# [Data for the task]

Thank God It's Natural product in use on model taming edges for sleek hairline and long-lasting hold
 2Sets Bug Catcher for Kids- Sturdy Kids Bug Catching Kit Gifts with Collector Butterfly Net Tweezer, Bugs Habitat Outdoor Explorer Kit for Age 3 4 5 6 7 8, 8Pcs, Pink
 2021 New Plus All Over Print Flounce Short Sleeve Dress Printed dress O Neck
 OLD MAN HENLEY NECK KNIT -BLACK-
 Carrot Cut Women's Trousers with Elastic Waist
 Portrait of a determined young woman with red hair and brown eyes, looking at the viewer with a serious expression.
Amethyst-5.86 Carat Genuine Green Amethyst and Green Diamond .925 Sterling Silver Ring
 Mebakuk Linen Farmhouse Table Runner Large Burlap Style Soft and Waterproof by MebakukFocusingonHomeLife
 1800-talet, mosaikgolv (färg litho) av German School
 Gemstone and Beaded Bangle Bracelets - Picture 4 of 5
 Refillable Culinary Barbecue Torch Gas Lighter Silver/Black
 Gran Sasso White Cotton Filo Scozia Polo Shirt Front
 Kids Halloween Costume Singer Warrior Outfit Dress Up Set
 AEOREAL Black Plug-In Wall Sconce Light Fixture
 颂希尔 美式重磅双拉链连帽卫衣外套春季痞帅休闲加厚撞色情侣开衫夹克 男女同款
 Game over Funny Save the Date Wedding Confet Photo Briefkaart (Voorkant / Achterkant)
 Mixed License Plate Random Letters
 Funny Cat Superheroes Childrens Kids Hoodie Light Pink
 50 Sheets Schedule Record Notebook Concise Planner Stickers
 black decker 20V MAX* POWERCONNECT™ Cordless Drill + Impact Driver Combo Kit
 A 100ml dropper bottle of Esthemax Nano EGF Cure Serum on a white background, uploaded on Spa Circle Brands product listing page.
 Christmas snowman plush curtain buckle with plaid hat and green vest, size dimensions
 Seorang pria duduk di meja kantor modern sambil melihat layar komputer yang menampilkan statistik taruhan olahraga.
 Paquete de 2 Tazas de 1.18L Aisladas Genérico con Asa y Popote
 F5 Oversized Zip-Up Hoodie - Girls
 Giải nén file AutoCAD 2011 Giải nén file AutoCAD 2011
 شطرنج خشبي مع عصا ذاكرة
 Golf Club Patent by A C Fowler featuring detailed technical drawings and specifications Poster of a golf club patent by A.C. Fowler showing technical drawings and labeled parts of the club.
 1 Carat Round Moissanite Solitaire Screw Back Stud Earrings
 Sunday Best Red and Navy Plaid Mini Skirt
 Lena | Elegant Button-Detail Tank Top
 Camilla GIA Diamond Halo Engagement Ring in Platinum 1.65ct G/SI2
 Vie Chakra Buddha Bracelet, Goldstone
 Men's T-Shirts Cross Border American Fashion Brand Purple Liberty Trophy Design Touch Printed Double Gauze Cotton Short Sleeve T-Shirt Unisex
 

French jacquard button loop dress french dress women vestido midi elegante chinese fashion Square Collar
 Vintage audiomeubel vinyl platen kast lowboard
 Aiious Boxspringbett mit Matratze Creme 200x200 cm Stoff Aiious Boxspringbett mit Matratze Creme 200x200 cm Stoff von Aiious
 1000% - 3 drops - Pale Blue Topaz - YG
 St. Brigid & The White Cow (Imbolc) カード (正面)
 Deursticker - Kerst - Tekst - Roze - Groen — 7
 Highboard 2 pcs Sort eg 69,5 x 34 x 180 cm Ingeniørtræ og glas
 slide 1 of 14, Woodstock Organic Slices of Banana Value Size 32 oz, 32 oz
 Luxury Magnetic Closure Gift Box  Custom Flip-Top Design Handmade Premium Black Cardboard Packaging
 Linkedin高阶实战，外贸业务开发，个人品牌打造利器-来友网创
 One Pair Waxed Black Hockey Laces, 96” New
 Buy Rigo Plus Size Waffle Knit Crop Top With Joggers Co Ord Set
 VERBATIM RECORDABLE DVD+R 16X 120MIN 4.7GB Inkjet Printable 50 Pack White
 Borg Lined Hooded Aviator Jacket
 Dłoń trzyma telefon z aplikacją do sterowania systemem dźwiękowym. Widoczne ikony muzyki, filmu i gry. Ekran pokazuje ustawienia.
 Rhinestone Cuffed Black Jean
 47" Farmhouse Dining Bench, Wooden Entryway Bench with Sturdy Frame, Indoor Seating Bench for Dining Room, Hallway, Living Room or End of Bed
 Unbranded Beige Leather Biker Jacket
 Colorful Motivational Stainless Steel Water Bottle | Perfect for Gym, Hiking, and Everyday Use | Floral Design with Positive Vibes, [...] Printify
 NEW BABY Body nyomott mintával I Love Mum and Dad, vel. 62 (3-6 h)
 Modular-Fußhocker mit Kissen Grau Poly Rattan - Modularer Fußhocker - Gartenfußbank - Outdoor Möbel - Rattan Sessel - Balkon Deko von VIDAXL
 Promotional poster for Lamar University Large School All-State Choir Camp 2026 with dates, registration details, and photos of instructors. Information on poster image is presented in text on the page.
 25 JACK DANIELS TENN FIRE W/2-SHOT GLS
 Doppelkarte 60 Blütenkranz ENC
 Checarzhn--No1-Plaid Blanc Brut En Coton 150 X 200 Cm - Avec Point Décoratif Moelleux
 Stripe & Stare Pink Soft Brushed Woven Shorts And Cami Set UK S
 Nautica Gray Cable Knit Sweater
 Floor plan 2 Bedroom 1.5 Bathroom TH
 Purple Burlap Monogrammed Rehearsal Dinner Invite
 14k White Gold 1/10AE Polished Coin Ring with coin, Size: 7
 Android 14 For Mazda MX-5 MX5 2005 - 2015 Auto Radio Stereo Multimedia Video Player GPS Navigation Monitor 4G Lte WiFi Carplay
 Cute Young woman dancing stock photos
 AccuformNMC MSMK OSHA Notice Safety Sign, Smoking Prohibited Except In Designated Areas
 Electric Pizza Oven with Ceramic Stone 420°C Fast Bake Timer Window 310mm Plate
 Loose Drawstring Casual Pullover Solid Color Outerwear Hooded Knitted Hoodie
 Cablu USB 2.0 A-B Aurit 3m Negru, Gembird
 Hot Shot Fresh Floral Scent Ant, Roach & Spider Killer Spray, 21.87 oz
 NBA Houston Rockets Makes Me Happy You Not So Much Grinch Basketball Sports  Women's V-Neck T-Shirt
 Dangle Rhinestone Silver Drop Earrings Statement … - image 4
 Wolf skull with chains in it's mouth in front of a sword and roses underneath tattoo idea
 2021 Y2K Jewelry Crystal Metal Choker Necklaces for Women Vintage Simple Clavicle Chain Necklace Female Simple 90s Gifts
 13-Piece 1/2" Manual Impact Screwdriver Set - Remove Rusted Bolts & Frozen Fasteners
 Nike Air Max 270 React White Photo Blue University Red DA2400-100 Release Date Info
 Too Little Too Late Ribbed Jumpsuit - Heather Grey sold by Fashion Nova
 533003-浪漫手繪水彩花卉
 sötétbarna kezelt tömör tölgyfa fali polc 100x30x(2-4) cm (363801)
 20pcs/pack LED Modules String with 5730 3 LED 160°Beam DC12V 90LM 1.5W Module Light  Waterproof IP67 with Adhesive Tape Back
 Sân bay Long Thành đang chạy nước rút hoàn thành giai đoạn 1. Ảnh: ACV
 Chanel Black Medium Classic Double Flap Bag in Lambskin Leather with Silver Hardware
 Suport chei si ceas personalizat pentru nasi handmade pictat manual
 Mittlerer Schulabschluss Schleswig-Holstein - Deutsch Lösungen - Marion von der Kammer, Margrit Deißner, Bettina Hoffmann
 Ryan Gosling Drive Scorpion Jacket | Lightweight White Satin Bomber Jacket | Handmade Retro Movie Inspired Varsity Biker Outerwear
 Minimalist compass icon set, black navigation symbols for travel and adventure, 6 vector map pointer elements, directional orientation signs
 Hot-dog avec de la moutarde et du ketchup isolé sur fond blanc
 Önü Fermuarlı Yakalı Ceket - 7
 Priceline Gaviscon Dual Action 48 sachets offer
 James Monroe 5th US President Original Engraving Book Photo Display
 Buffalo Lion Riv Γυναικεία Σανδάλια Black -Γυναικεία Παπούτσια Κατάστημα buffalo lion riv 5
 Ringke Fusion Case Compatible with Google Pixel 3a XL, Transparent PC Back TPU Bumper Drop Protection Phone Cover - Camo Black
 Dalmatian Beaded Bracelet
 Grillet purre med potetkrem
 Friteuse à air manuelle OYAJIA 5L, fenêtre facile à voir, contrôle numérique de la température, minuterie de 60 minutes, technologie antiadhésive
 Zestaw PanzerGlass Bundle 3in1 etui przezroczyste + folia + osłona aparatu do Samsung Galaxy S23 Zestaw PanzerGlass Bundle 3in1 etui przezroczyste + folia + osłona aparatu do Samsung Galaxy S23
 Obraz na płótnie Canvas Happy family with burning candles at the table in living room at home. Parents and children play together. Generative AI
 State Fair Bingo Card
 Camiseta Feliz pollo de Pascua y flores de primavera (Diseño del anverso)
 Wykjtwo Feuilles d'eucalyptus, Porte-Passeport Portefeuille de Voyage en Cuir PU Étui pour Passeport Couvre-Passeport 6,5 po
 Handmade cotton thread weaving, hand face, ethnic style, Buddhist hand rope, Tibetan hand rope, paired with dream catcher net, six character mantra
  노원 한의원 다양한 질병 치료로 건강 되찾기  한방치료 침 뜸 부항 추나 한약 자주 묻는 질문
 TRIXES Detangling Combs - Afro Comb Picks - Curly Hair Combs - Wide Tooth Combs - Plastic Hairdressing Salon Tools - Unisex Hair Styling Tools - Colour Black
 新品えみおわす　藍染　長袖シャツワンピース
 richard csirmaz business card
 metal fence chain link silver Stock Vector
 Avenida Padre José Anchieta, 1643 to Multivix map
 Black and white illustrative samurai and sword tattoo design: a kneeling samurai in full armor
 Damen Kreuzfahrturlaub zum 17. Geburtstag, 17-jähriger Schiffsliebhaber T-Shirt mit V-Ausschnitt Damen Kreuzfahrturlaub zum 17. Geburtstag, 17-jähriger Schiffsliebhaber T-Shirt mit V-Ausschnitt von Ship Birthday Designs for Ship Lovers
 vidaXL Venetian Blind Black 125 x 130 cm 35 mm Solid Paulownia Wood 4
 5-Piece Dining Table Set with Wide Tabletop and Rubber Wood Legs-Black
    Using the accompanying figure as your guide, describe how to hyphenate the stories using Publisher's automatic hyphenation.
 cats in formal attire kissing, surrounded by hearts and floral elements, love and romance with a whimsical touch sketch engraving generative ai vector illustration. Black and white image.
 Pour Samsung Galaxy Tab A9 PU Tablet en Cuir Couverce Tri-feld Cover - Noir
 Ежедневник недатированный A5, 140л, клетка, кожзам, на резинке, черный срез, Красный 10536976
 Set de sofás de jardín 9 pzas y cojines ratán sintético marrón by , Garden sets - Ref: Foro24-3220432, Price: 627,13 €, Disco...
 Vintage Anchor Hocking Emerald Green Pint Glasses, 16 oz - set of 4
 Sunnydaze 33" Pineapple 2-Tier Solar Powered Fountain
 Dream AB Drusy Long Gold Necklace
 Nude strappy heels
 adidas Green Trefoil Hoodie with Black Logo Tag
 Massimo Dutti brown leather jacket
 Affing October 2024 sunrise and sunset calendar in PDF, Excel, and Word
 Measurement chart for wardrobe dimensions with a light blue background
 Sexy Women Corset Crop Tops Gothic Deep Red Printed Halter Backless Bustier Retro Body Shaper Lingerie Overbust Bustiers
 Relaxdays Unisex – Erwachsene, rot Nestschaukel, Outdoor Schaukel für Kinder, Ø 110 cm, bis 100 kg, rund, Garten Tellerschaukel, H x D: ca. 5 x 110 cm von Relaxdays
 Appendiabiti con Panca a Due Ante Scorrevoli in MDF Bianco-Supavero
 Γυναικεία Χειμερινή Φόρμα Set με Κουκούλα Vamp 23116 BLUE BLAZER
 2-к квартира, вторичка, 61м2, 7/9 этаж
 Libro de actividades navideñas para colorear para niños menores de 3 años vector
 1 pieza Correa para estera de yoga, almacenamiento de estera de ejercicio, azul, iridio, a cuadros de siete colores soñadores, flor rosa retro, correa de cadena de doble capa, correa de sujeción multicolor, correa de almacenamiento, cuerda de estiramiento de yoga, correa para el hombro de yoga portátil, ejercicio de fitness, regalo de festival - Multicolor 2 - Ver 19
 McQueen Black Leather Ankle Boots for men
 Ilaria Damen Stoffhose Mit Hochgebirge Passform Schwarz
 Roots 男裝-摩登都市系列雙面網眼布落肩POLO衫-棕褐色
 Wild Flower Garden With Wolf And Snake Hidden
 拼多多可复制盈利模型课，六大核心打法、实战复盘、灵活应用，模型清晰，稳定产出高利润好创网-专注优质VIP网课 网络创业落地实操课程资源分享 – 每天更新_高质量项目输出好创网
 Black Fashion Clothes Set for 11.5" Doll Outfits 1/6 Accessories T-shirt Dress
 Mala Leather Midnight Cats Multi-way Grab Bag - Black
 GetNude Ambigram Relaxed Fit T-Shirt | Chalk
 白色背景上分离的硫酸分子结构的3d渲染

# [Work to complete]
Looking at the data above, return every line from the one with "AccuformNMC MSMK OSHA" down to the one with "James Monroe 5th", exactly and inclusively.

# [Final answer]
 AccuformNMC MSMK OSHA Notice Safety Sign, Smoking Prohibited Except In Designated Areas
 Electric Pizza Oven with Ceramic Stone 420°C Fast Bake Timer Window 310mm Plate
 Loose Drawstring Casual Pullover Solid Color Outerwear Hooded Knitted Hoodie
 Cablu USB 2.0 A-B Aurit 3m Negru, Gembird
 Hot Shot Fresh Floral Scent Ant, Roach & Spider Killer Spray, 21.87 oz
 NBA Houston Rockets Makes Me Happy You Not So Much Grinch Basketball Sports  Women's V-Neck T-Shirt
 Dangle Rhinestone Silver Drop Earrings Statement … - image 4
 Wolf skull with chains in it's mouth in front of a sword and roses underneath tattoo idea
 2021 Y2K Jewelry Crystal Metal Choker Necklaces for Women Vintage Simple Clavicle Chain Necklace Female Simple 90s Gifts
 13-Piece 1/2" Manual Impact Screwdriver Set - Remove Rusted Bolts & Frozen Fasteners
 Nike Air Max 270 React White Photo Blue University Red DA2400-100 Release Date Info
 Too Little Too Late Ribbed Jumpsuit - Heather Grey sold by Fashion Nova
 533003-浪漫手繪水彩花卉
 sötétbarna kezelt tömör tölgyfa fali polc 100x30x(2-4) cm (363801)
 20pcs/pack LED Modules String with 5730 3 LED 160°Beam DC12V 90LM 1.5W Module Light  Waterproof IP67 with Adhesive Tape Back
 Sân bay Long Thành đang chạy nước rút hoàn thành giai đoạn 1. Ảnh: ACV
 Chanel Black Medium Classic Double Flap Bag in Lambskin Leather with Silver Hardware
 Suport chei si ceas personalizat pentru nasi handmade pictat manual
 Mittlerer Schulabschluss Schleswig-Holstein - Deutsch Lösungen - Marion von der Kammer, Margrit Deißner, Bettina Hoffmann
 Ryan Gosling Drive Scorpion Jacket | Lightweight White Satin Bomber Jacket | Handmade Retro Movie Inspired Varsity Biker Outerwear
 Minimalist compass icon set, black navigation symbols for travel and adventure, 6 vector map pointer elements, directional orientation signs
 Hot-dog avec de la moutarde et du ketchup isolé sur fond blanc
 Önü Fermuarlı Yakalı Ceket - 7
 Priceline Gaviscon Dual Action 48 sachets offer
 James Monroe 5th US President Original Engraving Book Photo Display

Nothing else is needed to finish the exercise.